Bu yeniden doğuş süreci 150 gün kadar sürer. Kartal kendini yeniden var etmeye  karar verirse, önce bir dağın tepesine uçar ve orada bir kaya duvarda, artık uçmasına gerek olmayan bir yerde, yuvasında kalır. Bu uygun yeri bulduktan sonra kartal gagasını sert bir şekilde kayaya vurmaya başlar. En sonunda kartalın gagası yerinden sökülür ve düşer. Kartal bir süre yeni gagasının çıkmasını bekler. Gagası çıktıktan sonra bu yeni gaga ile pençelerini yerinden söker ve çıkarır. Yeni pençeleri çıkınca, kartal bu kez de eski kartlaşmış tüylerini yolmaya başlar. 5 ay sonra kartal, kendisine en az 20 yıl veya daha uzun süreli bir yaşam bağışlayan meşhur yeniden doğuş uçuşunu yapmaya hazır hale gelir.

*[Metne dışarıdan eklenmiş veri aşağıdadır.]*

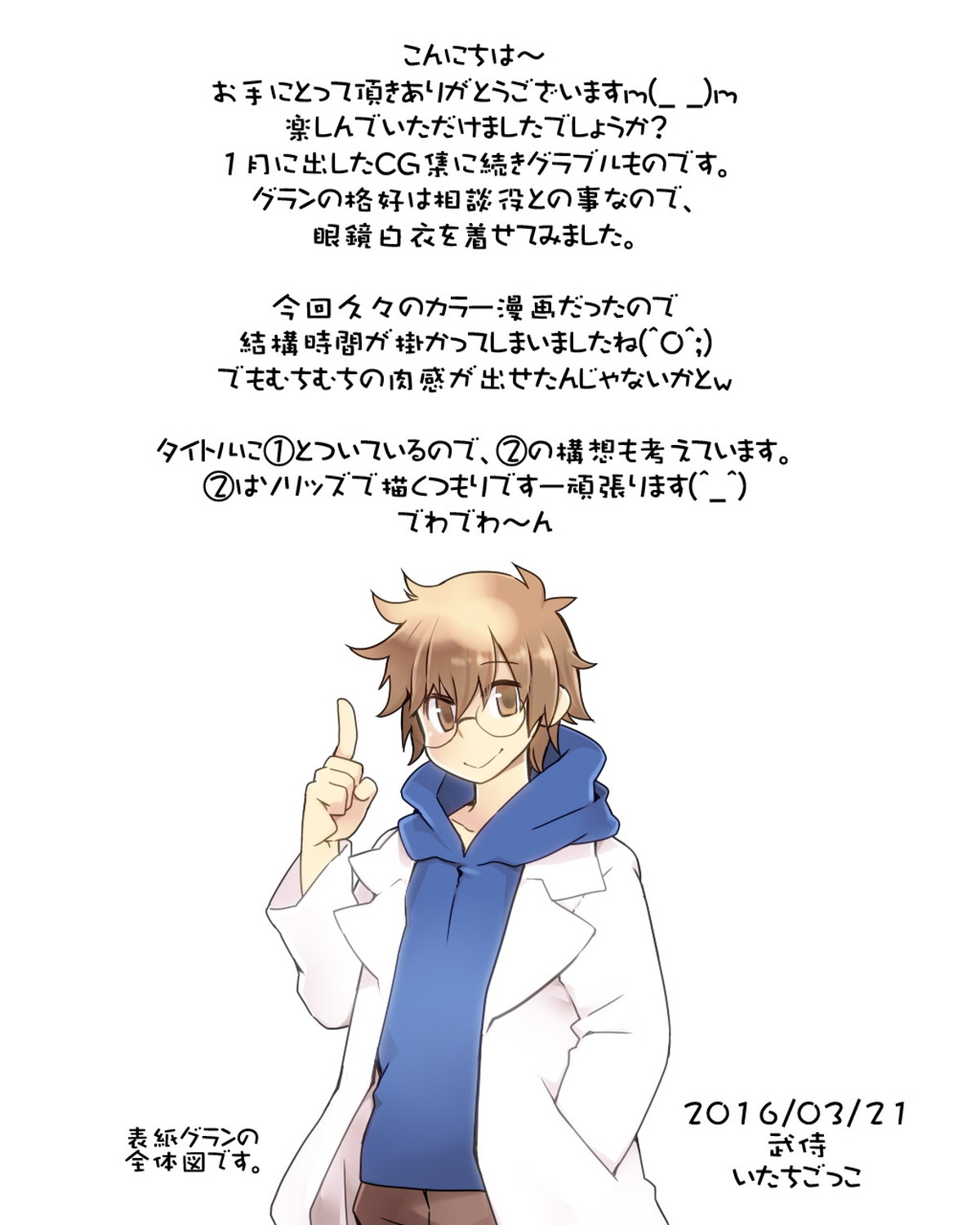 団長先生お悩み相談所(1)【グランブルーファンタジー/グラン×オイゲン】 page 17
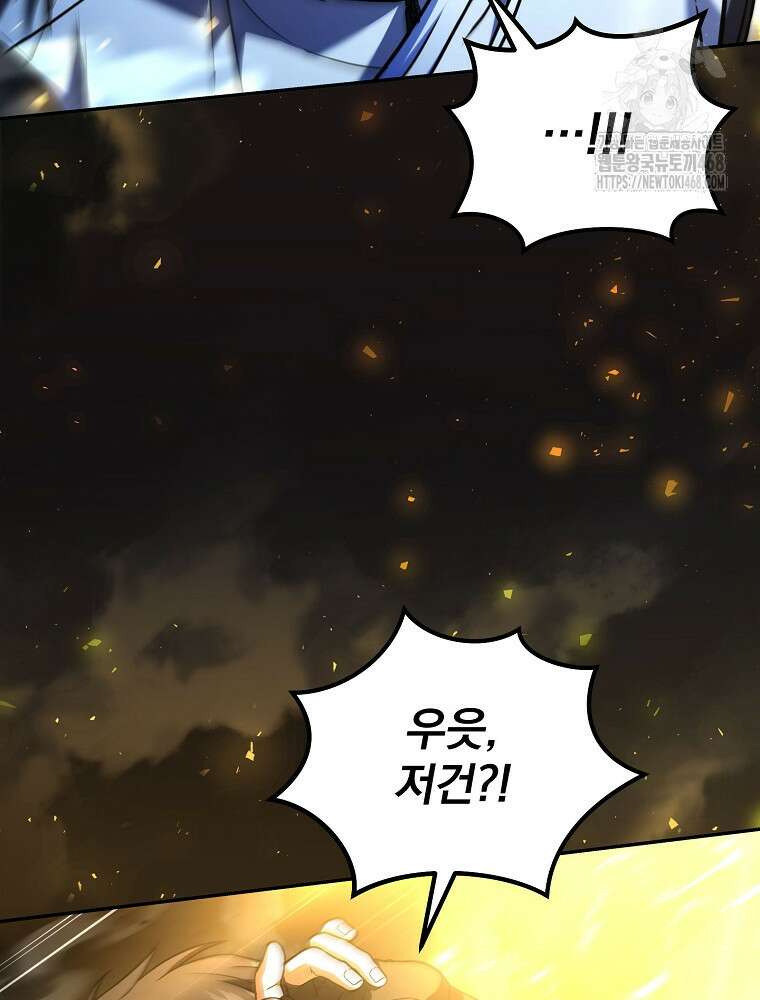 얼어붙은 플레이어의 귀환 173화 4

Biz insanlar da zaman zaman yaşamımızda yeniden doğuş süreci yaşamak zorunda kalırız. Zafer uçuşunu sürdürmek için, bize acı ve mutsuzluk veren eski alışkanlıklarımızdan, davranışlarımızdan, geleneklerimizden ve anılarımızdan kurtulmak zorunda kalabiliriz. Çünkü ancak geçmişin gereksiz safrasından kurtulduğumuzda ve sağlıklı yönde değiştiğimler gözterebildiğimizde, kendimizi yenileyebildiğimizde, deneyimlerimizin yeniden doğuşumuzun getireceği olağanüstü sonuçlarından tam olarak yararlanabiliriz. Bir kartal gibi biraz acı çekmeye, biraz da risk almaya, fakat sonunda mutlu ve sağlıklı bir şekilde yaşama devam etmeye ne dersiniz?